Jumat, 12 Juli 2024


Bangun Usaha Bumi Organik

03 Agu 2023, 13:32 WIBEditor : Yulianto

Dedy Tri Kuncoro, tinggalkan Bank BUMN geluti pertanian | Sumber Foto:Dok. Dedy

Dedy kini telah membuat brand usahanya Bumi Organik. Ke depan, ia akan membangun wisata agro untuk memperkenalkan dunia pertanian kepada anak-anak sekolah. ”Kita harus perkenalkan pertanian sejak dini. Kita perlu regenerasi petani. Kalau dari TK dan SD tidak dikenalkan pertanian, maka profesi petani bisa dianggap sebelah mata. Kita harus kenalkan bahwa petani adalah profesi mulia dan keren,” tuturnya.

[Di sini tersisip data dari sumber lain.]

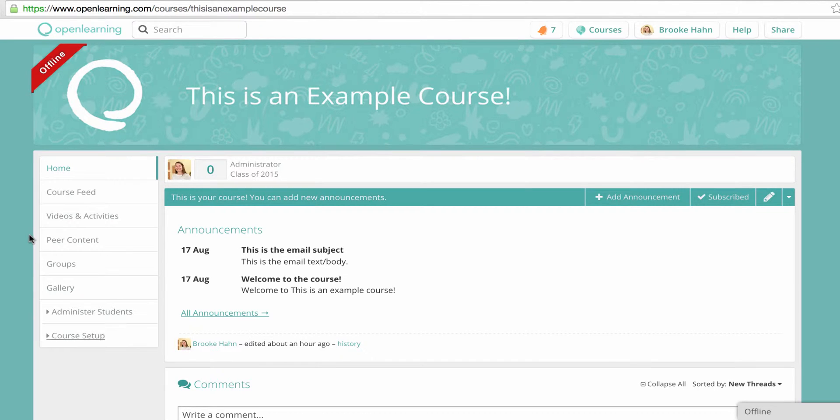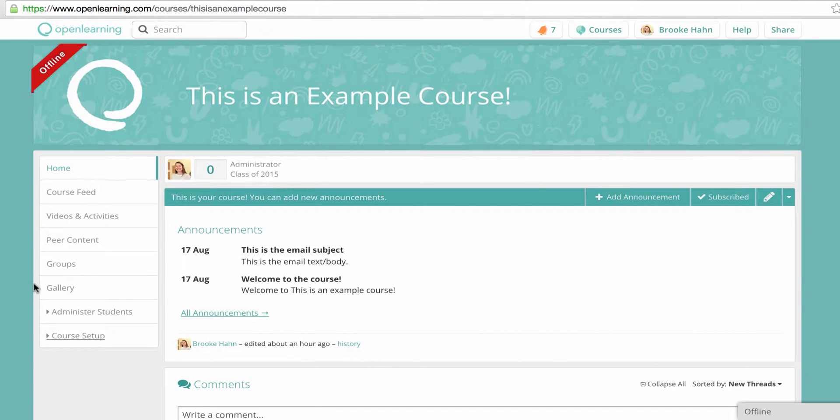When you first create your course, Open Learning provides you with a series of default left-hand navigation tabs.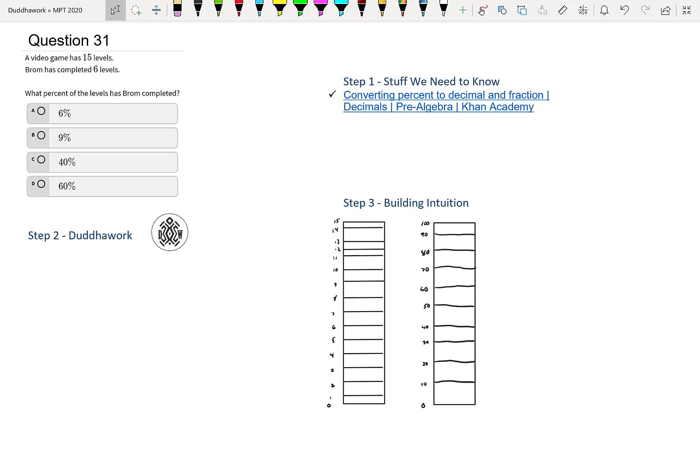I encourage you to pause the video to try this problem by yourself. Given that you've done the other questions, we've covered percentages and fractions and all those things, ratios. So you should have a pretty good idea of how to do this problem.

Dalam mengembangkan usahanya, Dedy mengaku fokus pada komoditas hortikultura, buah dan sayuran. ”Mengapa saya tidak ke padi atau tanaman pangan? Karena waktunya lama dan perlu lahan luas. Saya mengambil horti, karena pengalama saat mulai mengembangan usaha Desember 2016, dari awal hanya mendapat Rp 150 ribu kini bisa Rp 15 juta sekali panen,” katanya.

Di lahan yang tak begitu luas, ia mengembangkan integrated farming yang menggabungkan pertanian, perikanan dan peternakan dalam satu kesatuan yang saling mendukung. Bahkan dengan sistem pertanian organik.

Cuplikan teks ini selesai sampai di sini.